LinuxLists.cc - [PATCH 0/2] Two miscellaneous NFS patches.

2014-09-18 06:10:00

Subject: [PATCH 0/2] Two miscellaneous NFS patches.

These are two unrelated patches that I found while tidying up :-)
One has been sitting, unloved, for over a year... (though I did
mention it in a recent email - I'm resending it for simplicity).

Both fix performance issues in unusual situations.
The first allows an 'unlink' to complete in 100ms where it will
take 15 seconds in the current kernel.
The second uses non-STABLE writes in a case where STABLE writes
are current used but not needed, resulting in reduced throughput.

Thanks,
NeilBrown

---

NeilBrown (2):
NFSv4: use exponential retry on NFS4ERR_DELAY for async requests.
NFS: don't use STABLE writes during writeback.

fs/nfs/nfs4proc.c | 65 ++++++++++++++++++++++++++++++-----------------
fs/nfs/write.c | 7 ++++-
include/linux/nfs_xdr.h | 2 +
3 files changed, 49 insertions(+), 25 deletions(-)

--
Signature

2014-09-18 06:10:03

by NeilBrown

[permalink] [raw]

Subject: [PATCH 1/2] NFSv4: use exponential retry on NFS4ERR_DELAY for async requests.

Currently asynchronous NFSv4 request will be retried with
exponential timeout (from 1/10 to 15 seconds), but async
requests will always use a 15second retry.

Some "async" requests are really synchronous though. The
async mechanism is used to allow the request to continue if
the requesting process is killed.
In those cases, an exponential retry is appropriate.

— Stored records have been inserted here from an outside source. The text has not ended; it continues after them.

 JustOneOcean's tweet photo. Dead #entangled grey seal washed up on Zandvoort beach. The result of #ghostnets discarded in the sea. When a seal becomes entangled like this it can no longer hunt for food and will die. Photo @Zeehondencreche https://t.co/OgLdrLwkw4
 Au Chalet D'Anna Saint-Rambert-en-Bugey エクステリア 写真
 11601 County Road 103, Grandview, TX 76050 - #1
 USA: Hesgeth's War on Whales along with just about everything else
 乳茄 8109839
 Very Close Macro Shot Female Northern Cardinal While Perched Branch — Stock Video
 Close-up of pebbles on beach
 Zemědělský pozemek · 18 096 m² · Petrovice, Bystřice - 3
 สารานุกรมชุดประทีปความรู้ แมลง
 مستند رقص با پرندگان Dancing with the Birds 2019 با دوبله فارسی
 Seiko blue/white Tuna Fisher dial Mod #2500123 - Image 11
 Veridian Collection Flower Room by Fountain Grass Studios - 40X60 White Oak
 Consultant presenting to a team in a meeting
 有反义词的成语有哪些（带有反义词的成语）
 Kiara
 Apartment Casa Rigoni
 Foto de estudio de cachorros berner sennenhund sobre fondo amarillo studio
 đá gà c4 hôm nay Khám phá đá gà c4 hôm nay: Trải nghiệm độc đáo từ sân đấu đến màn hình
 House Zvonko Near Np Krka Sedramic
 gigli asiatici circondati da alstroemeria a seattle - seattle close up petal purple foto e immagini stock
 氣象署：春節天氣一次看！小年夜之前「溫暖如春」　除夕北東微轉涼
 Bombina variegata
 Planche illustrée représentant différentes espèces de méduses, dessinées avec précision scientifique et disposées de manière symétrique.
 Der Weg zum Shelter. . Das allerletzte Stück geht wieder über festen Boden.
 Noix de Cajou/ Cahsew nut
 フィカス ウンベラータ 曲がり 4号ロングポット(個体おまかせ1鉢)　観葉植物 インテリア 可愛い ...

For example, if two different clients both open a file and
get a READ delegation, and one client then unlinks the file
(while still holding an open file descriptor), that unlink
will used the "silly-rename" handling which is async.
The first rename will result in NFS4ERR_DELAY while the
delegation is reclaimed from the other client. The rename
will not be retried for 15 seconds, causing an unlink to take
15 seconds rather than 100msec.

This patch only added exponential timeout for async unlink and
async rename. Other async calls, such as 'close' are sometimes
waited for so they might benefit from exponential timeout too.

Signed-off-by: NeilBrown <[email protected]>
---
fs/nfs/nfs4proc.c | 65 ++++++++++++++++++++++++++++++-----------------
include/linux/nfs_xdr.h | 2 +
2 files changed, 44 insertions(+), 23 deletions(-)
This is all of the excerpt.